Posted at 12:23 PM, Nov 29, 2021
and last updated 2021-11-29 12:23:38-05

EAST LANSING, Mich. — More than half of the state of Michigan is covered by forests, which means that protecting them and understanding their role in changing the climate is very important.

Kyla Dahlin is making it her mission.

Dahlin, a professor in Michigan State University's Department of Geography, Environment, and Spatial Sciences, is studying how different tree species take up different amounts of carbon dioxide.

The project, she said, is "relevant to climate change because trees take up a lot of the carbon dioxide that we're putting out into the environment. I think the most direct application is, if we now think about times when a landowner might get paid to keep their forest growing instead of cutting it down for some reason, if we had a system like that in place, then we need to be able to monitor those forests and understand how much carbon they are actually taking up over time."

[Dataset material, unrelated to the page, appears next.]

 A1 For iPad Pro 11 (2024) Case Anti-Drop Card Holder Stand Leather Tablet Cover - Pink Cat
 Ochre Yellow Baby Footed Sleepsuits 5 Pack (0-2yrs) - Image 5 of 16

Trees and plants are essential for taking in the carbon dioxide that humans produce. Carbon dioxide is a nutrient for trees. The more the tree absorbs, the healthier it grows.

Trees "provide clean air, and clean water. They also provide places for wildlife to live,” said Scott Whitcomb, the director of the Office of Public Lands at the Michigan Department of Natural Resources.

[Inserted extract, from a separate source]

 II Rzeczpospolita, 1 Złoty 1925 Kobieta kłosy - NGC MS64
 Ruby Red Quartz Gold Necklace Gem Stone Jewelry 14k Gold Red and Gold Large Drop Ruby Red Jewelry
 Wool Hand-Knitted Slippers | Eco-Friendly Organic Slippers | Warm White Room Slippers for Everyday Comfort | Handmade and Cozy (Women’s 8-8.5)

Whitcomb said 53 percent of Michigan is covered with forests.

“These forests and the health of them are incredibly important to Michigan,” Whitcomb said.

However, research shows that trees can only absorb a fraction of the carbon dioxide we emit when burning fossil fuels for heat, electricity, and transportation. The carbon dioxide in the atmosphere leads to climate change and global warming.

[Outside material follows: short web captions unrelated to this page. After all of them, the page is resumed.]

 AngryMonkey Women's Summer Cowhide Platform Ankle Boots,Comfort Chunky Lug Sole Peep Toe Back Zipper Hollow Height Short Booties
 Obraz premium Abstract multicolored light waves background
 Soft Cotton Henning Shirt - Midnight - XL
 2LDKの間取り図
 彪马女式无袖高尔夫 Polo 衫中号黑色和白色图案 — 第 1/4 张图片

Dahlin said that what is new and interesting about her project is the new tools she is working with, including an airborne remote sensing system, an airplane that gathers information above the forests.

“Through that we collect data that we just have never been able to collect before," she said, "that is looking at both the leaf chemistry from above… and then there is a system called a LIDAR sensor that actually shoots a low-energy laser into the forest and measures how tall trees are."

This data is published on the National Ecological Observatory Network.

“If we are able to apply it across the entire world with some of these satellites that may launch in the next 5 to ten years, then we will surely be able to see forests in a way that we have never been able to see them before,” she said.

Dahlin’s project is being funded by the National Science Foundation, which awarded her more than $1 million for the five-year study.